### [WHAT TO DO]
Range to repeat from the listing below: the line containing "Horloge Carrée Dames Art Nouveau (Recto)" down to the line containing "高清大图下载【趣麦麦图】绿色人物女环保自然清新", both included. Copy it exactly, pictures excluded, and add nothing else.

### [EXTRACTED INFORMATION]

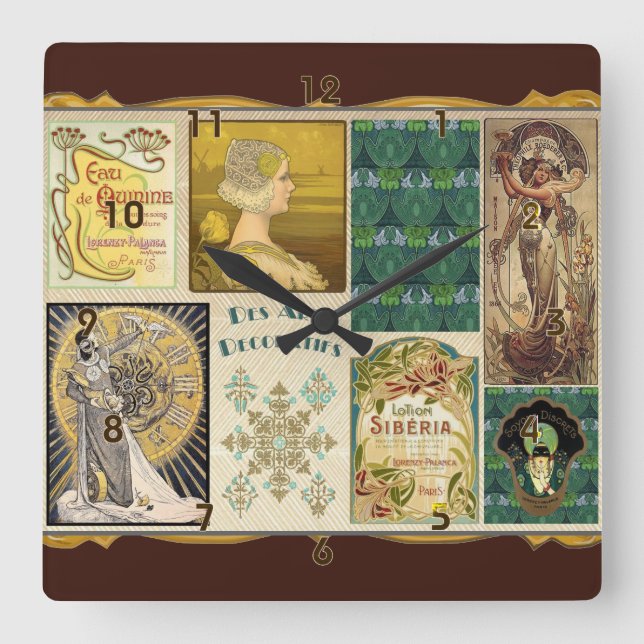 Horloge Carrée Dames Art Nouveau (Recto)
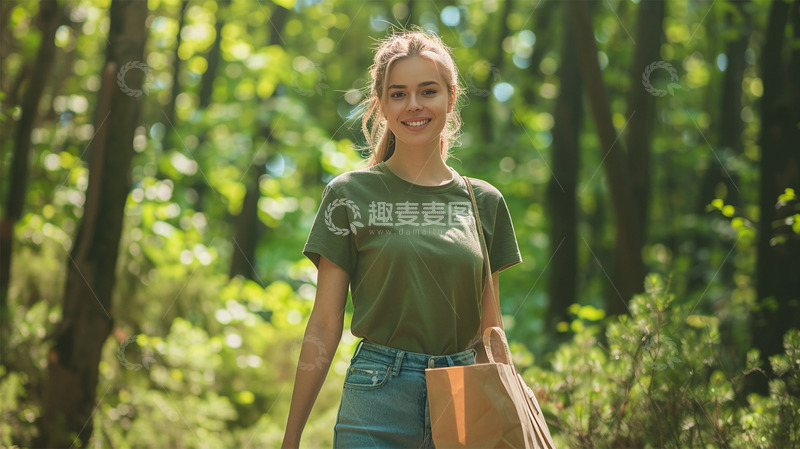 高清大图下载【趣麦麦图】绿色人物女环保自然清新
* * *
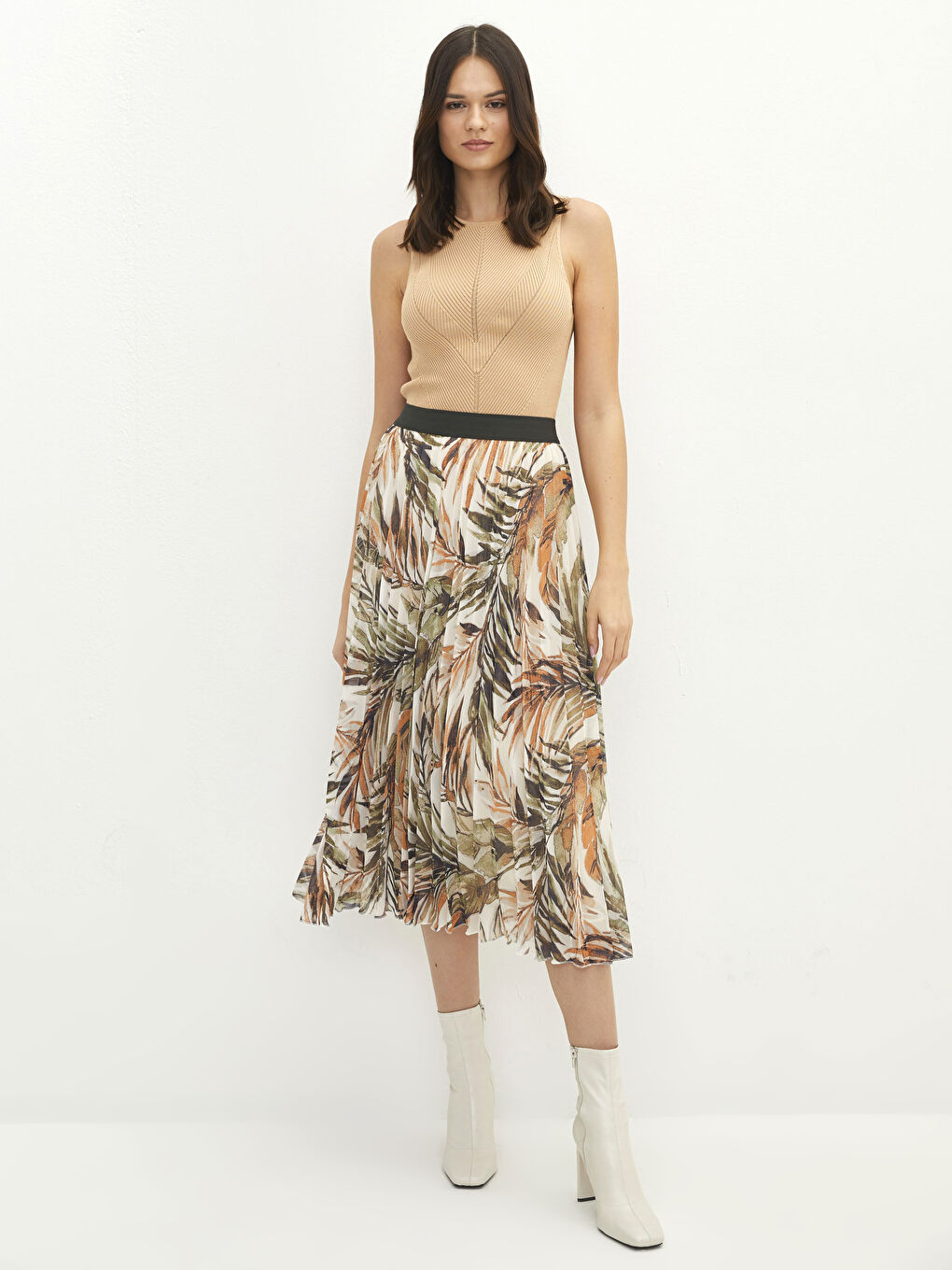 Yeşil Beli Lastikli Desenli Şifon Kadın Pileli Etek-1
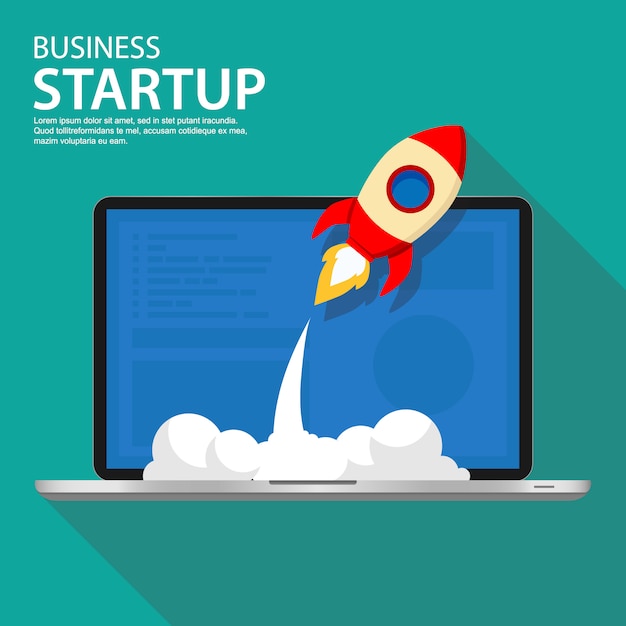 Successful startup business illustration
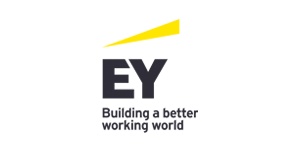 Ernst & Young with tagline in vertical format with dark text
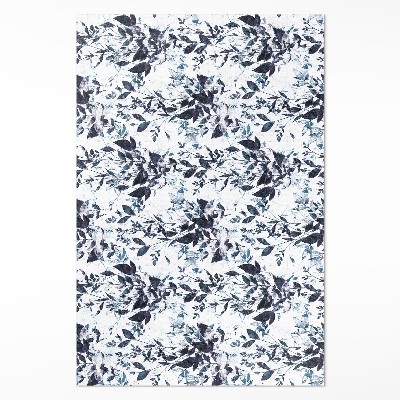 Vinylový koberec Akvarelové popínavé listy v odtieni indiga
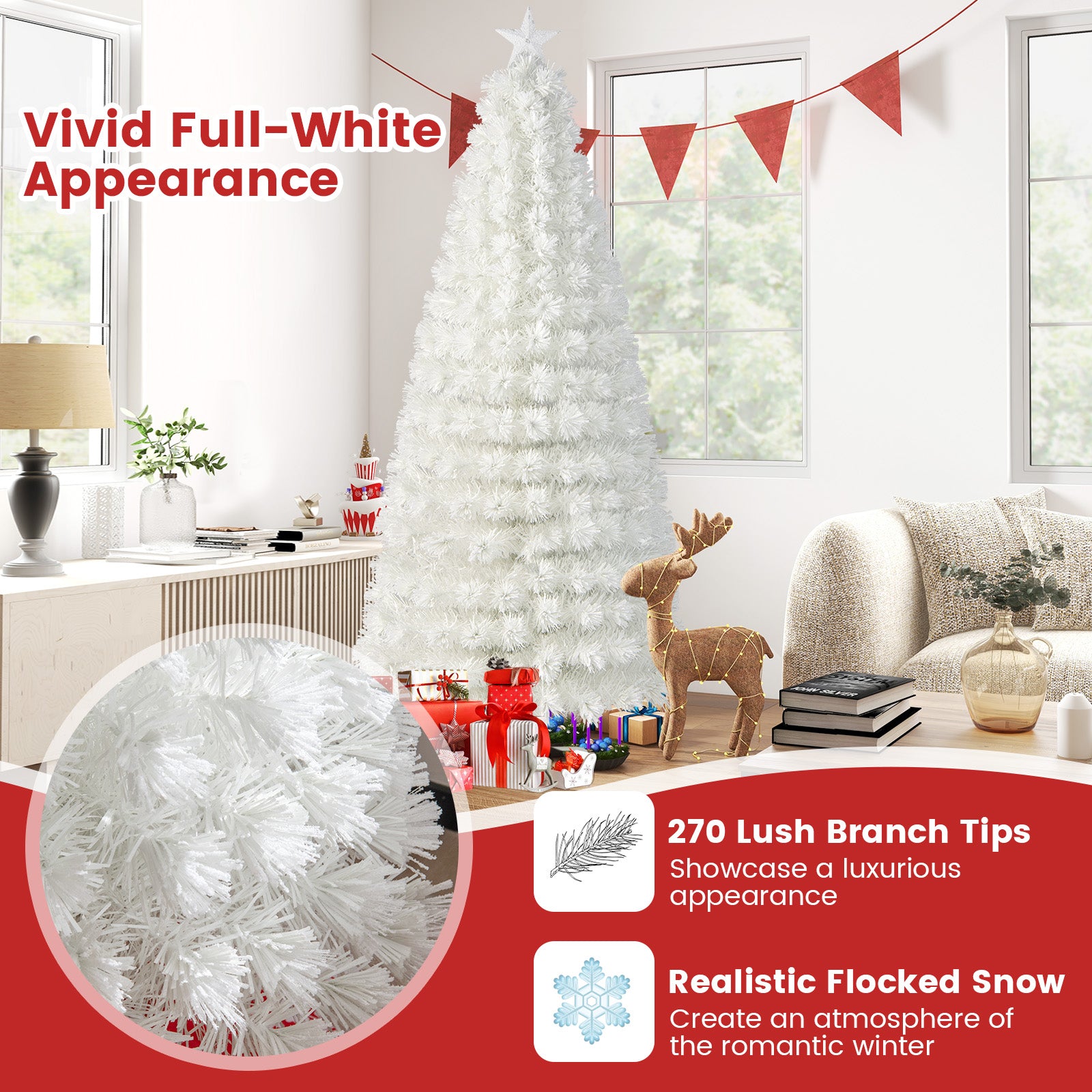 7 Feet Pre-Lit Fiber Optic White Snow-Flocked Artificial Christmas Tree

### [TASK ANSWER]
 Horloge Carrée Dames Art Nouveau (Recto)
 高清大图下载【趣麦麦图】绿色人物女环保自然清新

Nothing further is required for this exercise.